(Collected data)
————————

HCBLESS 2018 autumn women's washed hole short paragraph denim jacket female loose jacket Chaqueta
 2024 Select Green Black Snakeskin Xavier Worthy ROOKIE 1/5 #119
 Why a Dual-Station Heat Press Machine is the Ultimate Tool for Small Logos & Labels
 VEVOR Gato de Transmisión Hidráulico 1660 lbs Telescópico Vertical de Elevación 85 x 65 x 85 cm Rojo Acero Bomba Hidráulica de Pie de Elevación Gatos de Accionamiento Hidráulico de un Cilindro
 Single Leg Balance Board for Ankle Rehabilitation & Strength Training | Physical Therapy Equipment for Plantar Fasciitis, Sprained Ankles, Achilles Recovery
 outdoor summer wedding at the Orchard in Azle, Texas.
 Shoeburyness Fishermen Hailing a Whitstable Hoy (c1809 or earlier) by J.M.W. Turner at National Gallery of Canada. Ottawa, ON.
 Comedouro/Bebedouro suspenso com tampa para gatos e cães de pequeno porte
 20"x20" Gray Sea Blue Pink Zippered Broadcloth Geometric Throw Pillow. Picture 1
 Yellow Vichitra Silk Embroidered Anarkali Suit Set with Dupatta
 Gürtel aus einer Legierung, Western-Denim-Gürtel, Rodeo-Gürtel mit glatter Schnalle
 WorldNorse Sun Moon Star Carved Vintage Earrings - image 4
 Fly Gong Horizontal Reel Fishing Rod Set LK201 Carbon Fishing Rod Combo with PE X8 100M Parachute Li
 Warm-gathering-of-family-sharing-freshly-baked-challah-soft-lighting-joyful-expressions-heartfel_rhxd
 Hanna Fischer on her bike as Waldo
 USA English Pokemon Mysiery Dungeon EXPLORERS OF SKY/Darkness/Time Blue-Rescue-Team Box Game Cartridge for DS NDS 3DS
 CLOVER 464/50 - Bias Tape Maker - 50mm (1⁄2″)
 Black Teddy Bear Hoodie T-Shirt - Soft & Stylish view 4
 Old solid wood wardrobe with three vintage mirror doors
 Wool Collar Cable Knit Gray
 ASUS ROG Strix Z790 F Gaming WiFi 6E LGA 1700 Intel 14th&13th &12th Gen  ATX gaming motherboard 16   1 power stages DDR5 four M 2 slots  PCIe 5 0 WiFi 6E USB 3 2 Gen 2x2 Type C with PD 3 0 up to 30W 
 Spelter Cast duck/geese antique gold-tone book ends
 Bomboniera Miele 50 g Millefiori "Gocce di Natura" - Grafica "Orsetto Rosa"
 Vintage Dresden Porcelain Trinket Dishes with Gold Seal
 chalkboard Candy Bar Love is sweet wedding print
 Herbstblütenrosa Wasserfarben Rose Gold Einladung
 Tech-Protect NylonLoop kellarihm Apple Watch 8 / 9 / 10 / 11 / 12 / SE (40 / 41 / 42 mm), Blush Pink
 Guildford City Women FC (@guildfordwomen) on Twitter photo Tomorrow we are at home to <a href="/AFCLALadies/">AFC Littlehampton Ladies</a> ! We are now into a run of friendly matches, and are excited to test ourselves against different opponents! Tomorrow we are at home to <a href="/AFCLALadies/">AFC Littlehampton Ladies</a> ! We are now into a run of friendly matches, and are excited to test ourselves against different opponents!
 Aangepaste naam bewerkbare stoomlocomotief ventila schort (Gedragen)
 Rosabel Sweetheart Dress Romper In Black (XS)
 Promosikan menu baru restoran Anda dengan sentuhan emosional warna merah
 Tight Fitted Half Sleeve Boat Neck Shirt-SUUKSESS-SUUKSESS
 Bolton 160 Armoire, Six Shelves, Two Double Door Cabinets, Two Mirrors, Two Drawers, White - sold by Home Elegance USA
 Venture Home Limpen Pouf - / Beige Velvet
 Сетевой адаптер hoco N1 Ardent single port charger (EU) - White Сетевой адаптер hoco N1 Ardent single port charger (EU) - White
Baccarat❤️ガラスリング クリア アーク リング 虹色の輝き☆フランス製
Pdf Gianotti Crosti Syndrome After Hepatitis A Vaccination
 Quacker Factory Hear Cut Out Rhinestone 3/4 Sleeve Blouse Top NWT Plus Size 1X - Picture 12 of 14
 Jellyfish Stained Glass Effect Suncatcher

————————

▶ [What to work on] For each line above that includes the word "with", make a copy of that line.

▶ [Solution for this task]
 Yellow Vichitra Silk Embroidered Anarkali Suit Set with Dupatta
 Fly Gong Horizontal Reel Fishing Rod Set LK201 Carbon Fishing Rod Combo with PE X8 100M Parachute Li
 Old solid wood wardrobe with three vintage mirror doors
 ASUS ROG Strix Z790 F Gaming WiFi 6E LGA 1700 Intel 14th&13th &12th Gen  ATX gaming motherboard 16   1 power stages DDR5 four M 2 slots  PCIe 5 0 WiFi 6E USB 3 2 Gen 2x2 Type C with PD 3 0 up to 30W 
 Vintage Dresden Porcelain Trinket Dishes with Gold Seal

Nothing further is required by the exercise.